After the Spring Festival, many first and second tier cities have demonstrated a spree of panic house buying, too abnormal to do any good to the healthy development of the home industry.
According to Beijing Morning Post, new homes in a Hangzhou living community were sold out two hours after they were opened for sales, 352 luxurious villas at least costing 10 million yuan each in Shanghai were snapped up within one day, and frenetic home buyers in Shenzhen and Nanjing were queuing up overnight to obtain a buying quota.
Coinciding with panic buying, new home prices in 61 cities out of the 100 sampled cities grew slightly in February, and the figures in Shenzhen and Wuhan specially accreted by 52.55% and 16.31% respectively. Media coverage and industry data both allude to a seemingly inevitable trend: the property market is picking up with a gaining momentum.
However, a dubious wait-and-see mood is also diffusing among home buyers, many of whom firmly believe that home prices hike in first-tier cities never represent the status quo of national home market in general and home buyers should be conscientious.

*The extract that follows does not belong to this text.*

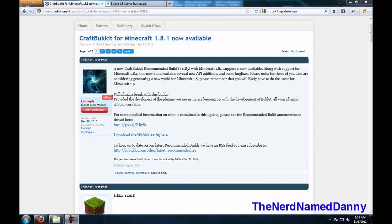Hello YouTube, the nerd named Danny here, and today I will be showing you how to set up a Minecraft server using CraftBucket version 1.8.1.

Various expectations toward the future of Chinese home industry is a good sign, because it means more and more people are not following the trend, but making decision by their own. But where the Chinese house market is heading for? It is a question haunting many home buyers. The future can only be explored by better understanding the present, hence figuring out reasons behind the recent panic buying is of great significance.
The panic buying, on one hand, is a knee-jerk reaction to the favorable home-buying macroeconomic policies. Since the Central Economic Working Conference in December, reducing unsold houses has been listed as one of the five kernel economic tasks in 2016. So after the Spring Festival, minimum down payment rate for buying the first and second home in cities without home buying restrictions has been narrowed down to 20 percent and 30 percent respectively, and home buying tax rate for purchasing the first home under 90 square meters has been cut back to 1.5 percent.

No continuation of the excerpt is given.